= Your instructions =
Only one span of the listing below is wanted: the lines from the one with "Nexen N'Blue 4 Season 235/45 R17 97V" through the one with "Independent Stage 11", reproduced exactly, both ends kept.

= Information =
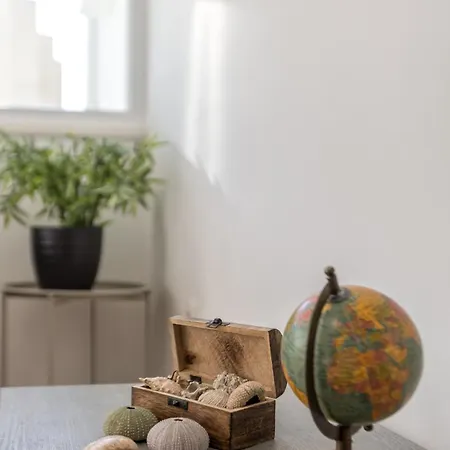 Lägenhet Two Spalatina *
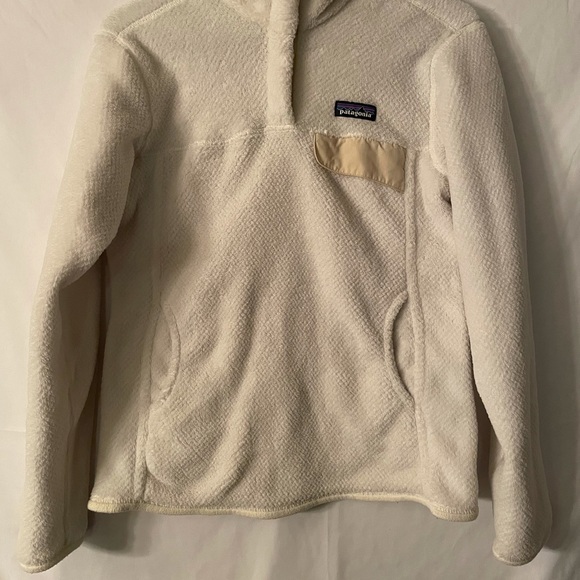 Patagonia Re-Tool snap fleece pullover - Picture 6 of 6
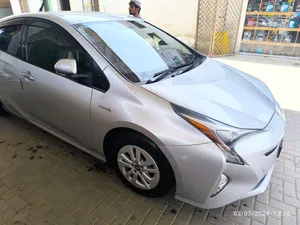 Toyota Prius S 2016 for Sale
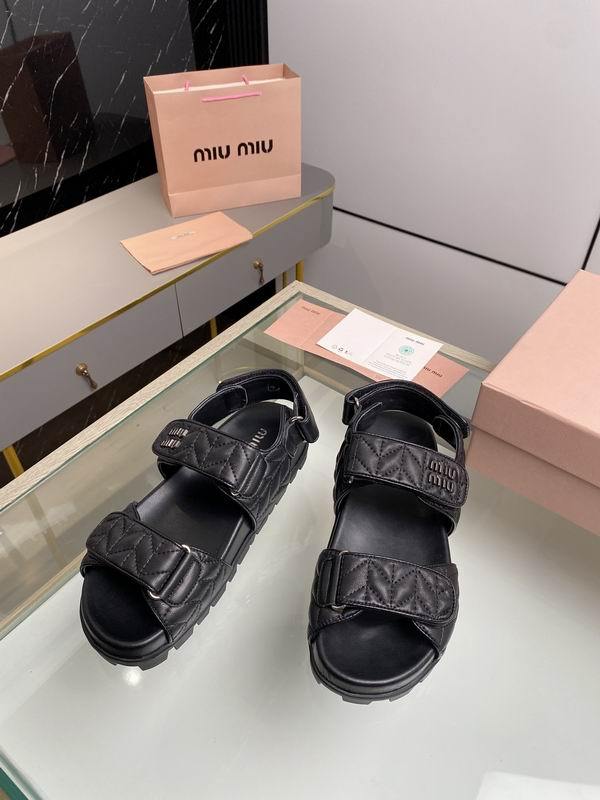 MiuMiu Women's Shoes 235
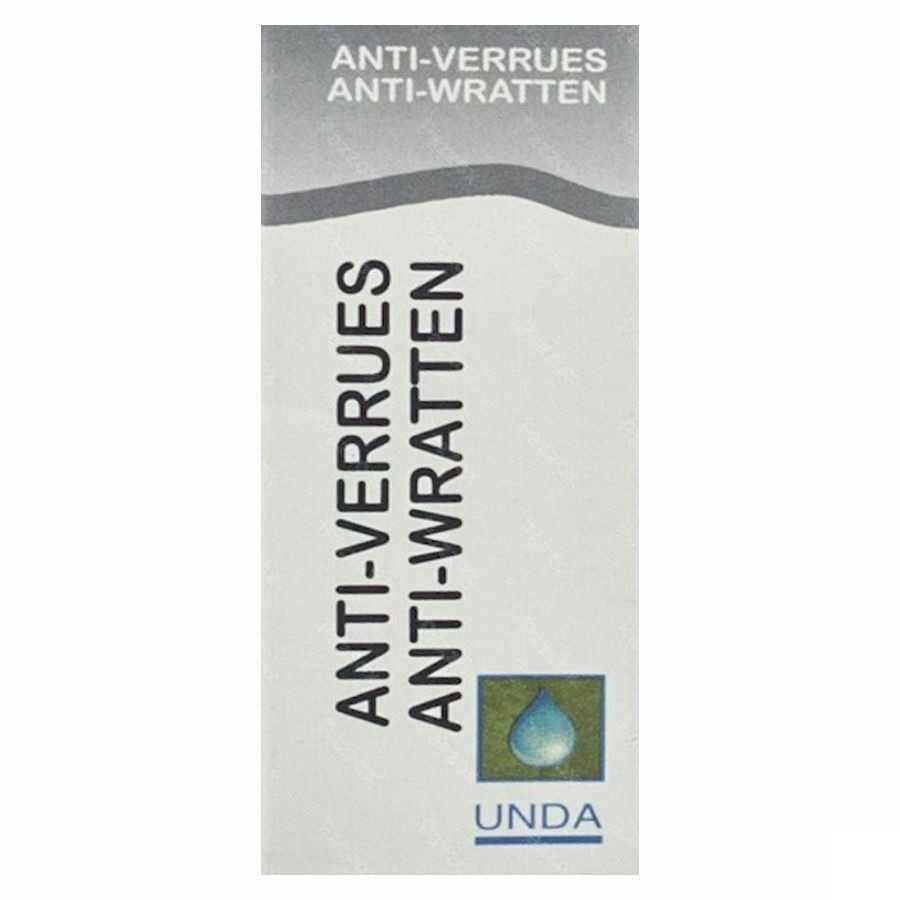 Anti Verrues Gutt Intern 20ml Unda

==

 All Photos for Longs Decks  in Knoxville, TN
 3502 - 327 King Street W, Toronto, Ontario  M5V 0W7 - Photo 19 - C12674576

==

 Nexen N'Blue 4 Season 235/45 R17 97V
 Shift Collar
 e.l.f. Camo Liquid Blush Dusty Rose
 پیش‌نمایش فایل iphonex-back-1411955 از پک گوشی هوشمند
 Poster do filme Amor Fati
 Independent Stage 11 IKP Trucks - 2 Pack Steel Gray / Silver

= The answer =
 Nexen N'Blue 4 Season 235/45 R17 97V
 Shift Collar
 e.l.f. Camo Liquid Blush Dusty Rose
 پیش‌نمایش فایل iphonex-back-1411955 از پک گوشی هوشمند
 Poster do filme Amor Fati
 Independent Stage 11 IKP Trucks - 2 Pack Steel Gray / Silver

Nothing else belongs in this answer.